451.Sort Characters By Frequency¶
Tags: Medium
Hash Table
Heap
Links: https://leetcode.com/problems/sort-characters-by-frequency/
Given a string, sort it in decreasing order based on the frequency of characters.
Example 1:
Input:
"tree"
Output:
"eert"
Explanation:
'e' appears twice while 'r' and 't' both appear once.
So 'e' must appear before both 'r' and 't'. Therefore "eetr" is also a valid answer.
Example 2:
Input:
"cccaaa"
Output:
"cccaaa"
Explanation:
Both 'c' and 'a' appear three times, so "aaaccc" is also a valid answer.
Note that "cacaca" is incorrect, as the same characters must be together.
Example 3:
Input:
"Aabb"
Output:
"bbAa"
Explanation:
"bbaA" is also a valid answer, but "Aabb" is incorrect.
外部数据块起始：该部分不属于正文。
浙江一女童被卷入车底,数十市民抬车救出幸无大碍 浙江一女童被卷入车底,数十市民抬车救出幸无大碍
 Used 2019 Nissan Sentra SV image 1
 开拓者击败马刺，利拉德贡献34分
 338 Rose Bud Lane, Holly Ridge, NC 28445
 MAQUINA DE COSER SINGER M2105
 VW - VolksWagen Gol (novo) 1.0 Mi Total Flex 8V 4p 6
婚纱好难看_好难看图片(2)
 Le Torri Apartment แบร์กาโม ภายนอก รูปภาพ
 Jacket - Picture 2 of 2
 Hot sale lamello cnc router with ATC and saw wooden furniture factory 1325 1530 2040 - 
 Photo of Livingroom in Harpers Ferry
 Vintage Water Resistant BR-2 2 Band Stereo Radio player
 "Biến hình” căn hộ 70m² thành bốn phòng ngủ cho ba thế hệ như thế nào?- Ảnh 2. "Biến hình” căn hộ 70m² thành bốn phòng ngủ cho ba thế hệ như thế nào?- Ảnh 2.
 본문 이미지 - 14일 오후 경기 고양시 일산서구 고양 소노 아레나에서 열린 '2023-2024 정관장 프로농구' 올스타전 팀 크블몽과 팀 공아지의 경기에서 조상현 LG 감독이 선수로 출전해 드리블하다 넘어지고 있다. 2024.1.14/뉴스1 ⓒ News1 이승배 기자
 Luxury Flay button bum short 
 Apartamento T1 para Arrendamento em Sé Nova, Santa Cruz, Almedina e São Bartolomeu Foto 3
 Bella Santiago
Note that 'A' and 'a' are treated as two different characters.
class Solution {
struct Node {
char ch;
int num;
bool operator<(const Node & obj) const
{
return num > obj.num;
}
};
public:
string frequencySort(string s) {
std::ios_base::sync_with_stdio(false);
cin.tie(NULL);
cout.tie(NULL);
int n = s.size();
vector<Node> count(256);
for (auto &e : s) {
count[e].ch = e;
++count[e].num;
}
sort(count.begin(), count.end());
string res;
for (int i = 0; i < 256; ++i) {
if (!count[i].num) break;
for (int j = 0; j < count[i].num; ++j) res.push_back(count[i].ch);
}
return res;
}
};
一般涉及字符串的频率统计,都有一种通用的办法来避免使用unordeed_map
,比如都是小写字母或者都是大写字母,那么都可以开一个长度为26的数组来统计频率。本题的样例解释是会存在大小写混合,并且考虑可能存在一些特殊字符比如@
,那么就开一个256的数组就好了。